> [EXERCISE DETAILS]:
From the entries below, print exactly the span beginning with the line holding "博士伦博视顿角膜塑性镜新洁先进RGP硬性隐形近视眼镜润滑护理液" and ending with the line holding "شراء 50T Fuser", endpoints included, and skip any pictures.

> [RECORDS PROVIDED]:
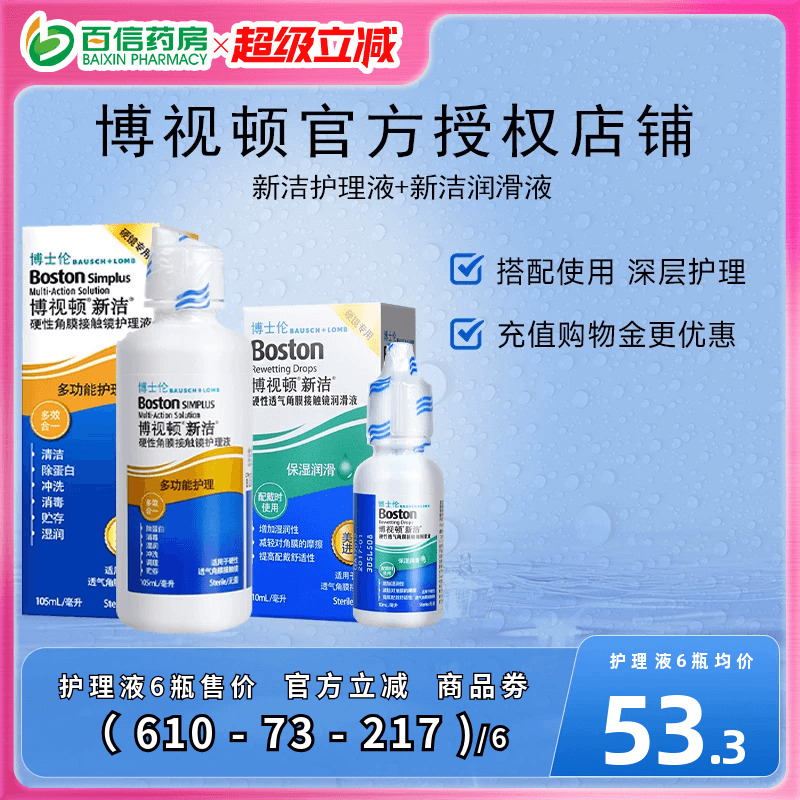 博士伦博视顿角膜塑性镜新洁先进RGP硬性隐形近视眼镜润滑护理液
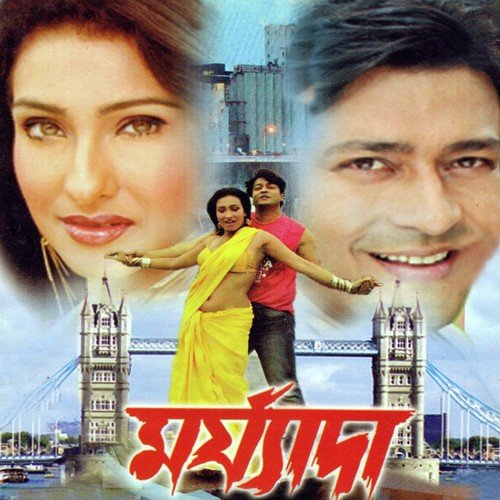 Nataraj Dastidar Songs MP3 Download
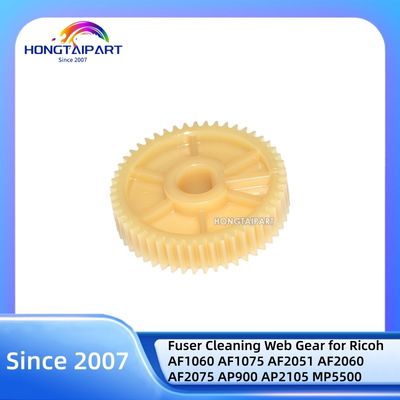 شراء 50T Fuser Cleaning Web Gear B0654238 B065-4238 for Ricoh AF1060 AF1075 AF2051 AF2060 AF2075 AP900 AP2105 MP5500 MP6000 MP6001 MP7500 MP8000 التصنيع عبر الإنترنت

--

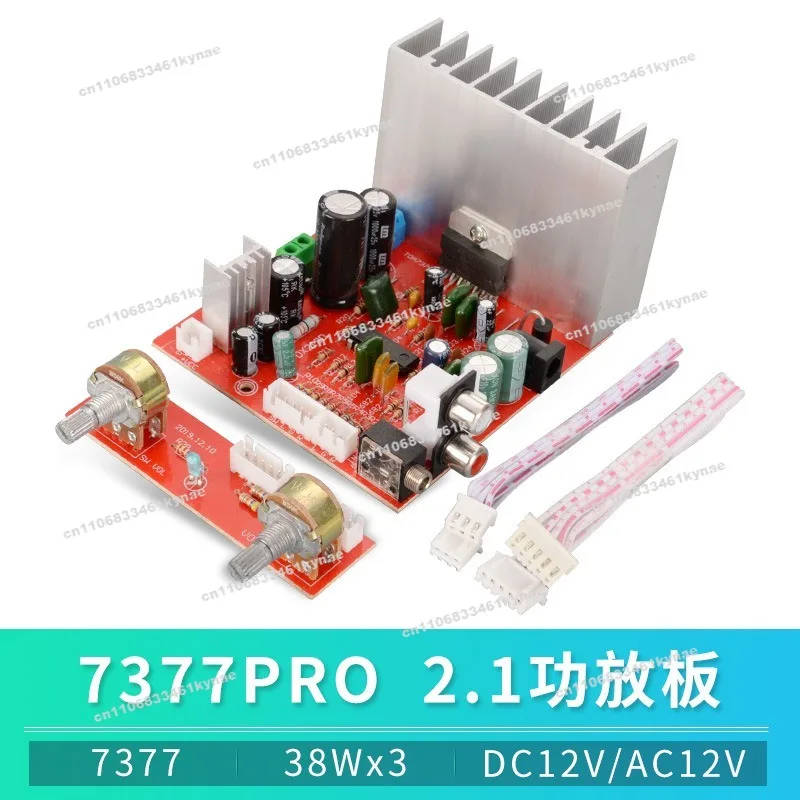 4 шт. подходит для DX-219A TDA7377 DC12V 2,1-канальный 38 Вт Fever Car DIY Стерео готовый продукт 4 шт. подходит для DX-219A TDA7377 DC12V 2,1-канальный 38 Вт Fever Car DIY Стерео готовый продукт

---

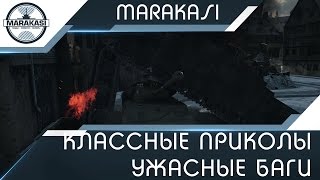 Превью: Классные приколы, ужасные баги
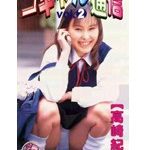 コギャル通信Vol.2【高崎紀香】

> [PROBLEM SOLUTION]:
 博士伦博视顿角膜塑性镜新洁先进RGP硬性隐形近视眼镜润滑护理液
 Nataraj Dastidar Songs MP3 Download
 شراء 50T Fuser Cleaning Web Gear B0654238 B065-4238 for Ricoh AF1060 AF1075 AF2051 AF2060 AF2075 AP900 AP2105 MP5500 MP6000 MP6001 MP7500 MP8000 التصنيع عبر الإنترنت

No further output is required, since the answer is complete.